I want to add values to a custom column in the same way the folder size shortcut updates the size values—processing files parallelly. So far I only managed to get my script to work by adding values to a item at a time.
In my case all the values for the items can be passed from an executable (it can handle the calculation parallelly) and therefor the values can be available at once. So is there a way to pass all those values to the custom column at once.
Folder size isn't calculated in parallel. (The bottleneck is the storage and filesystem, not adding the numbers up on the CPU, so requesting the information in parallel would be slower, at least on device types where it wouldn't be very fast via both methods.)
Scripts can use variables to store information if it has already been calculated and will be useful for another item. Either normal script-language global variables (which will persist until the script goes idle) or Opus vars (which can persist for longer, but probably don't make as much sense here). You can use those to store a cache of data and only re-calculate the information if the cache is empty, old, or doesn't have information for the requested file/folder.
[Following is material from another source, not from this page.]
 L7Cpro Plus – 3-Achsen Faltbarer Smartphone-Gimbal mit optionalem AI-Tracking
What I'm trying to do is to create a word count custom column for text files that works faster than Column: Pandoc Word Count. I created a golang excutable that uses doctotext to output (either stdout or for temporary text file) the word counts of the files passed to it quickly.
Have you tried doing it the simple way first? It often turns out to be fast enough.
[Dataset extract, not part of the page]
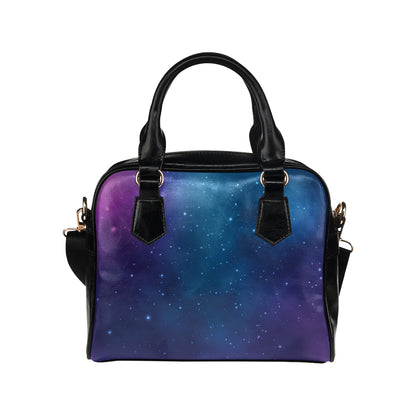 Nebula Pattern Print Design A01 Shoulder Handbag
Unless the word-counting program has a lot of start-up overhead (which would be strange for something so simple), it isn't likely to matter if it's run once for all files or once per file.
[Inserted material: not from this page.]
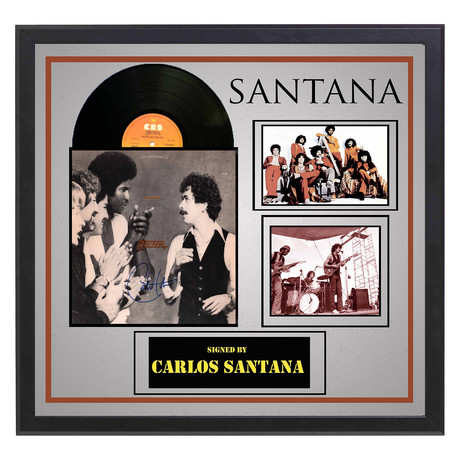 Signed + Framed Album Collage // Carlos Santana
I did it one file at a time. It's faster than using pandoc but it still took around 25 seconds or so for one of my folders that had about 60 text files. (pandoc one took 33 seconds). But it takes only second or two to get those values from the executable. I asked because the way folder size shortcut adds values really quickly was much better than what I'm seeing in my script right now, and to see if I could do it too.
I don't think caching is necessary. I'm trying to do the calculation once (or few times as possible because the cmd max line length) for multiple files and store it in a temporary json file. Then I just have to read that json file once and col.method function can be made much simpler.
How can I access the file paths in the active tab (to pass multiple file path arguments to the executable like I showed in the example) before col.method function?
I managed to do it! Now it only takes a couple of seconds to add word counts for text files of the said folder. Now it works quickly just like how the folder size shortcut works!